Oral PrEP, which was first approved in 2012, is a single pill containing a combination of two antiretroviral drugs. The first is Truvada, which comprises FTC and TDF (emtricitabine and tenofovir disoproxil fumarate). Descovy, a second alternative, was introduced in 2016. FTC and TAF (tenofovir alafenamide) are present.
Oral PrEP, when taken daily, reduces the risk of contracting HIV from intercourse and/or injectable drug use by 99% and 74%, respectively. The only oral approach now approved by the FDA is once-daily use, while an off-label “on demand” strategy has been created for patients who choose to take PrEP tablets only before and after participating in hazardous sexual conduct.
Apretude, an injectable technique, was approved by the FDA for the first time in 2021. The injectable contains the antiviral cabotegravir and is intended for people who have a negative reaction to oral PrEP or have difficulty sticking to a once-a-day pill regimen. Injectable PrEP is initially provided in two shots, one month apart, and then once every two months after that. According to studies, the shot is somewhat more effective than the pills in HIV prevention.
Grattoni’s group set out to test PrEP delivery through medical-grade titanium implants inserted just beneath the skin.
The implants are meant to be leak and rupture resistant, and they hold approximately.57 milliliters of islatravir (ISL), an investigational antiviral drug.
Initially, just four male rhesus macaques were tested during a 20-month period.

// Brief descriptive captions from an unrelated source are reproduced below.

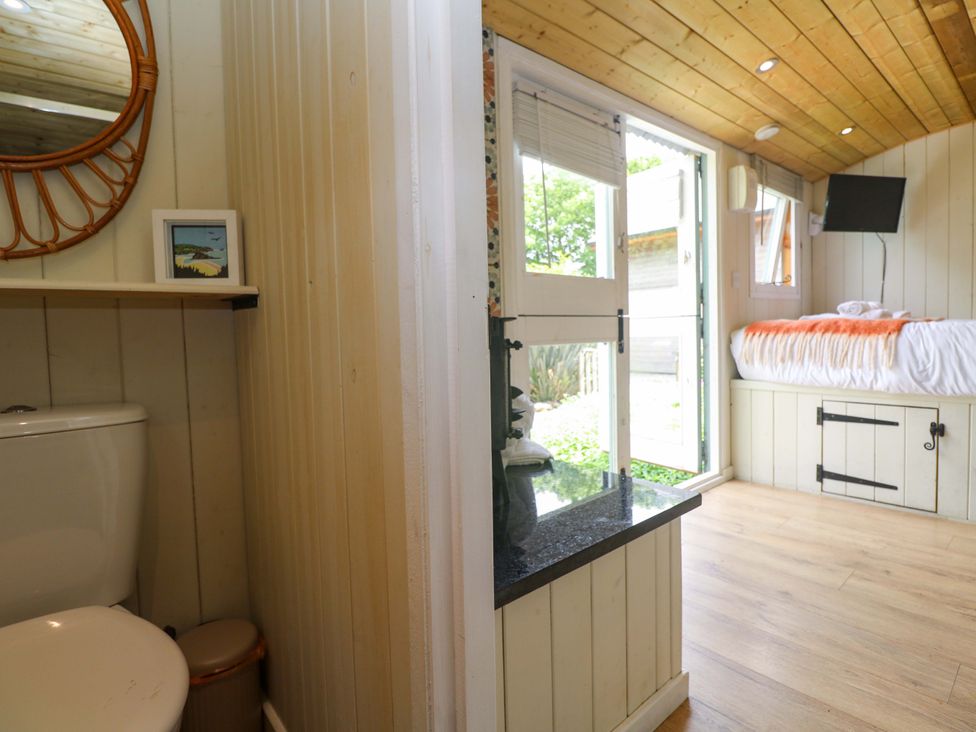A bathroom with toilet and mirror at Shepherds Hut in Truro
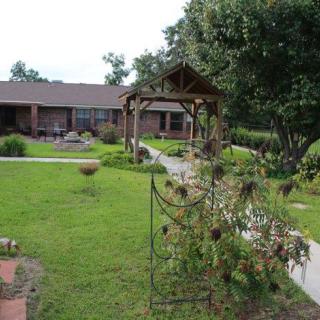 A quaint house with a lush garden, featuring a well-maintained lawn and charming gazebo.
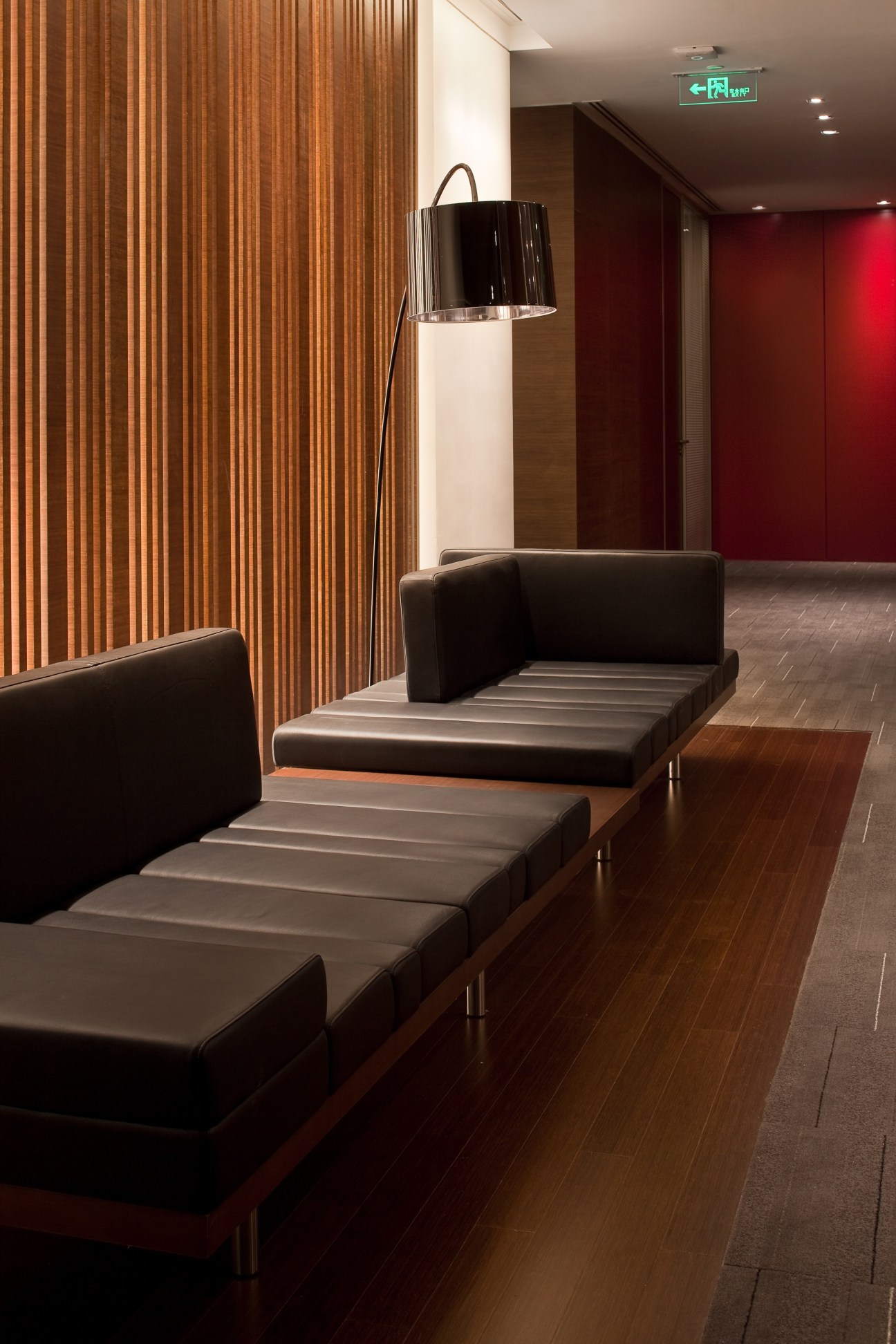 Modern corridor with wooden slat wall, black leather seating, and arc floor lamp in HSBC Shanghai office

The ISL medication was successfully “diffused” via the implant and into each animal’s bloodstream, as expected. And the researchers determined that circulating blood concentrations of ISL matched the intended protective levels seen if the monkeys had taken ISL via a weekly pill throughout the study.
The researchers next performed rectal and vaginal simian HIV exposure tests on six monkeys with implants and 12 monkeys without.
The team first discovered that all of the monkeys who received implants had protective levels of circulating ISL after only one day. Further testing found that all of the monkeys who had been implanted looked to be entirely protected against simian HIV exposure via both the rectum and the vagina, with no safety or tolerance difficulties.
Given that prior research had suggested the implant would work, “we were more excited than surprised with our results,” Grattoni noted.
“Next steps are to determine what is the lowest dose needed for continued protection, and whether the implant is effective against different routes of HIV infection, [both] sexual and injection drug users,” he said.
Grattoni said his team is now prepping for a human trial, “and we hope for clinical testing within three years. If all goes well with human trials, we think the implant could be available within five years.”